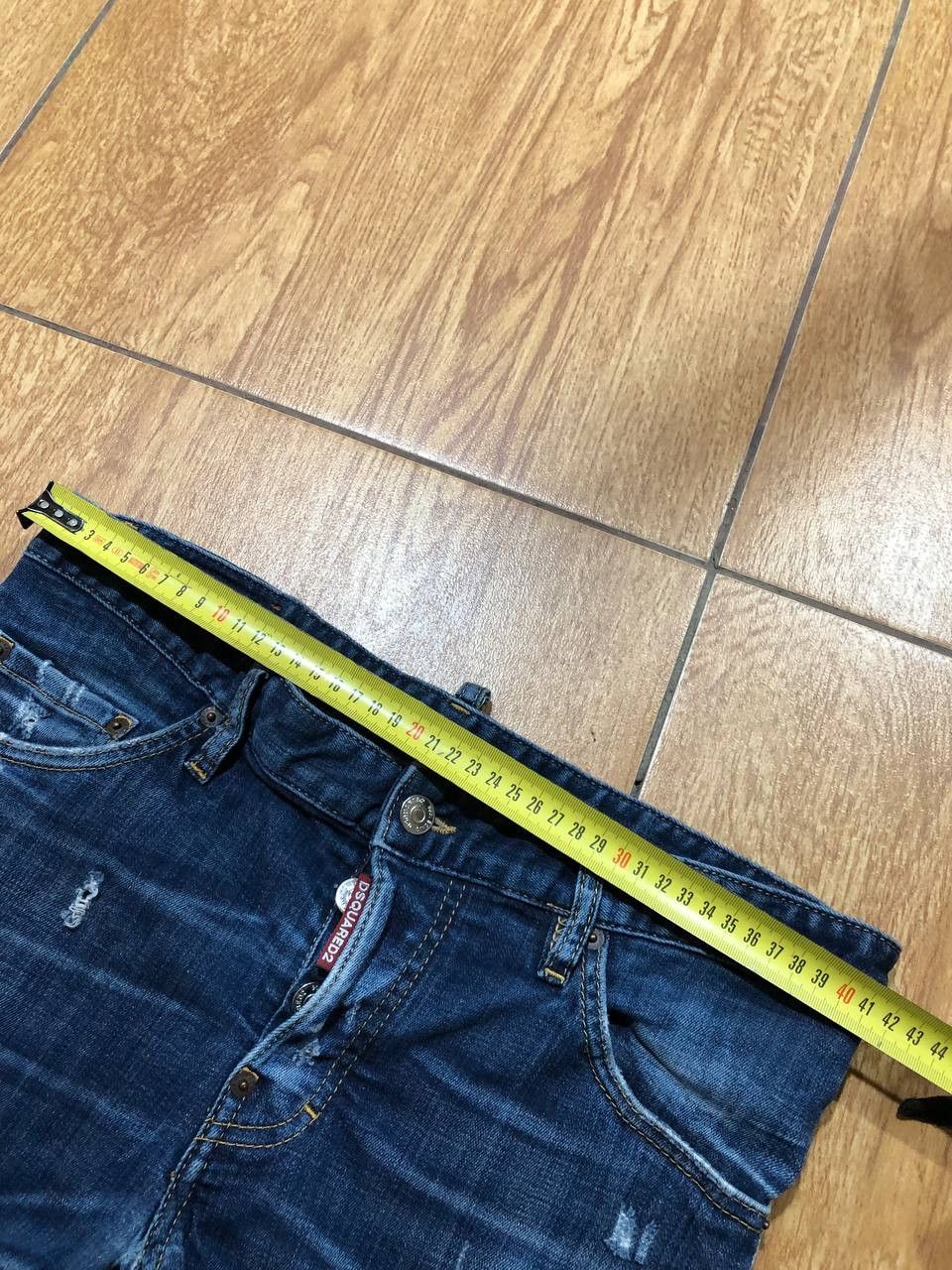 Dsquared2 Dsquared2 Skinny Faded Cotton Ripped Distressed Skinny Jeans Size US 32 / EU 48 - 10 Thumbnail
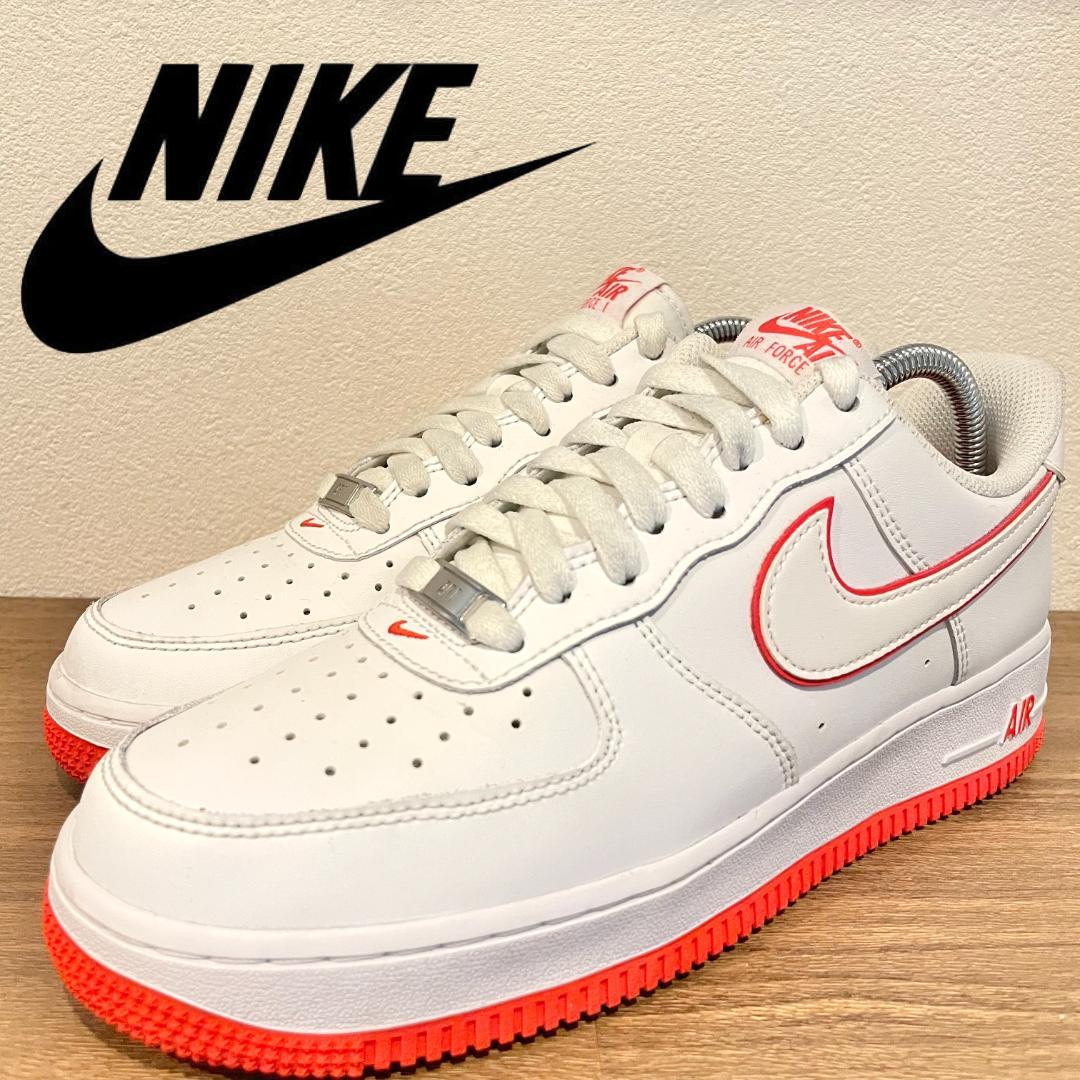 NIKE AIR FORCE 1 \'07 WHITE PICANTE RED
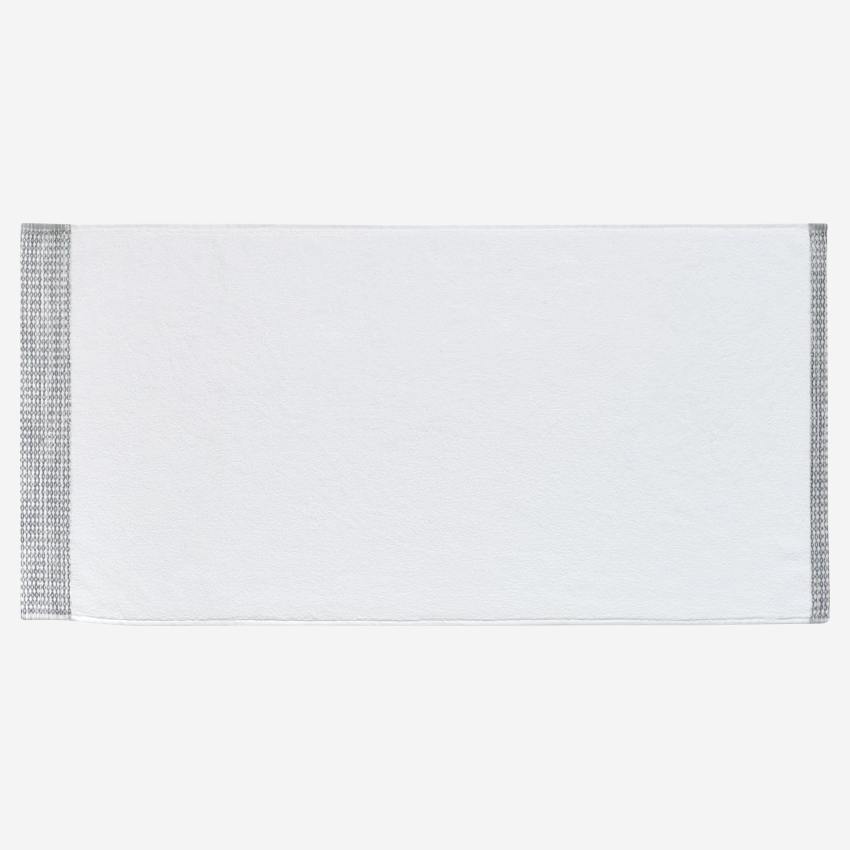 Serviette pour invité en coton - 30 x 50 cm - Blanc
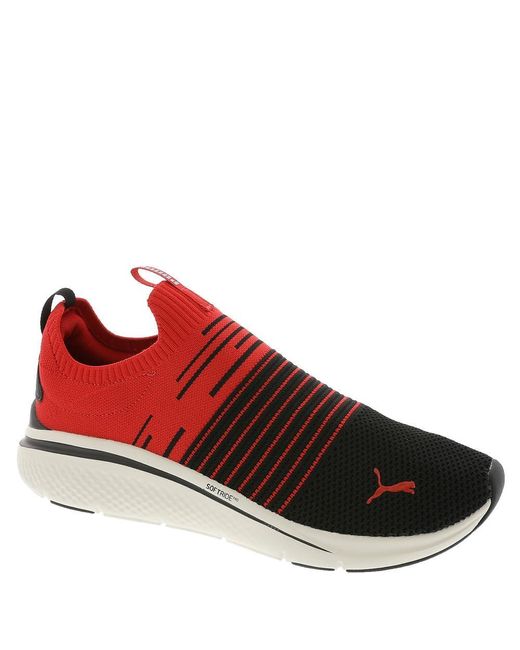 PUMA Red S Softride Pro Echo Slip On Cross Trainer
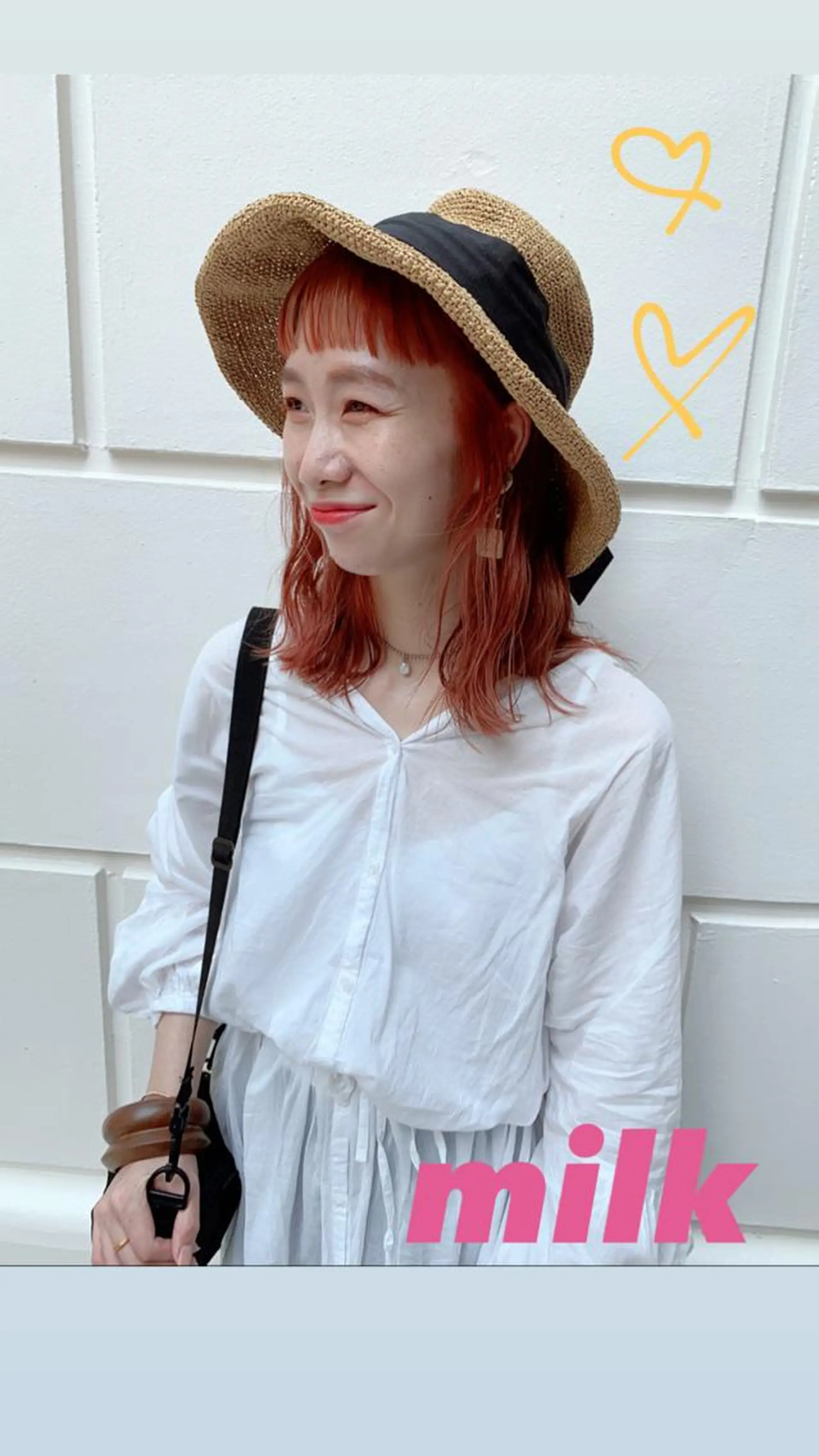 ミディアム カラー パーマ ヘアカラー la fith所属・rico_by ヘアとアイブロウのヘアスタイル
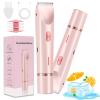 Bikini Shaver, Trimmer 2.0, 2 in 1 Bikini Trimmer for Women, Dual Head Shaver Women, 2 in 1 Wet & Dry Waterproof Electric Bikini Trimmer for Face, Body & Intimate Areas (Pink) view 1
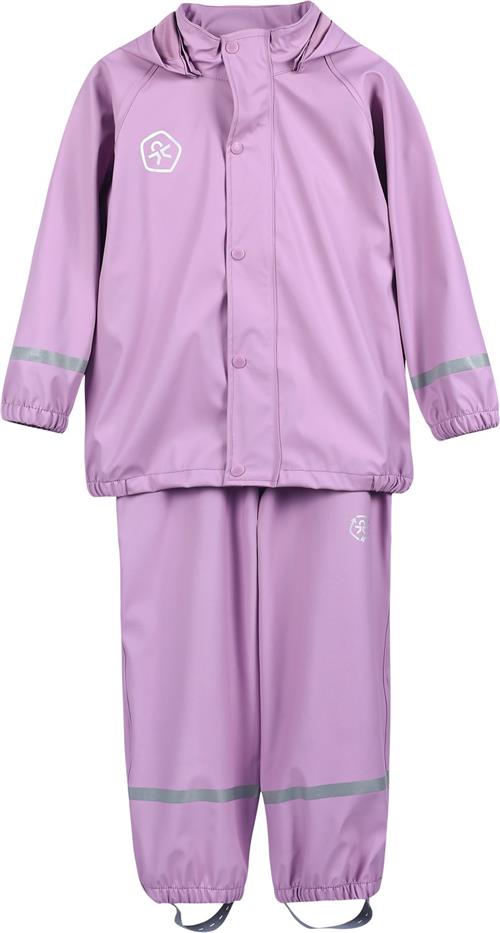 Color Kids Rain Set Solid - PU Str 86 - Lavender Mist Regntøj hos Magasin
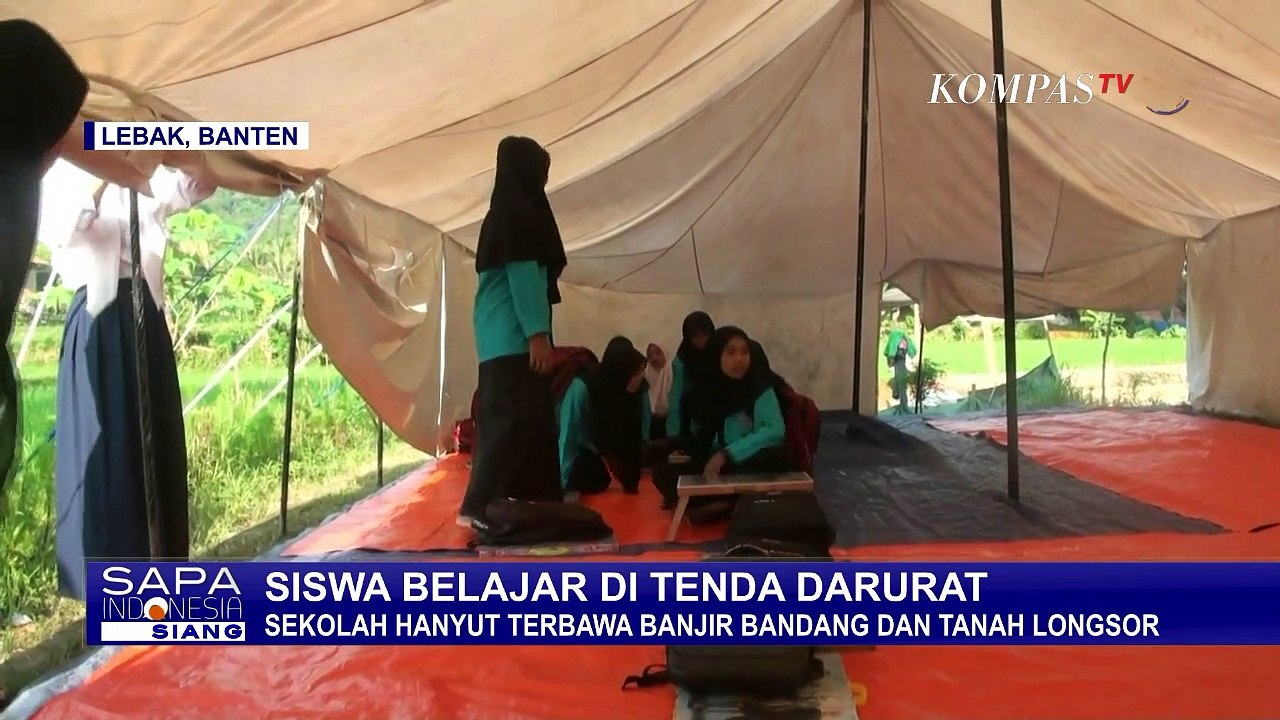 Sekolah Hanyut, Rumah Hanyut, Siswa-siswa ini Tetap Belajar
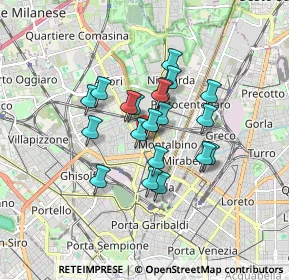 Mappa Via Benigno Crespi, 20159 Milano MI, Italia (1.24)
=====
◆ **Exercise objective**
No picture should be included when the data are set down again exactly.

◆ **Answer for the task**
 Dsquared2 Dsquared2 Skinny Faded Cotton Ripped Distressed Skinny Jeans Size US 32 / EU 48 - 10 Thumbnail
 NIKE AIR FORCE 1 \'07 WHITE PICANTE RED
 Serviette pour invité en coton - 30 x 50 cm - Blanc
 PUMA Red S Softride Pro Echo Slip On Cross Trainer
 ミディアム カラー パーマ ヘアカラー la fith所属・rico_by ヘアとアイブロウのヘアスタイル
 Bikini Shaver, Trimmer 2.0, 2 in 1 Bikini Trimmer for Women, Dual Head Shaver Women, 2 in 1 Wet & Dry Waterproof Electric Bikini Trimmer for Face, Body & Intimate Areas (Pink) view 1
 Color Kids Rain Set Solid - PU Str 86 - Lavender Mist Regntøj hos Magasin
 Sekolah Hanyut, Rumah Hanyut, Siswa-siswa ini Tetap Belajar
 Mappa Via Benigno Crespi, 20159 Milano MI, Italia (1.24)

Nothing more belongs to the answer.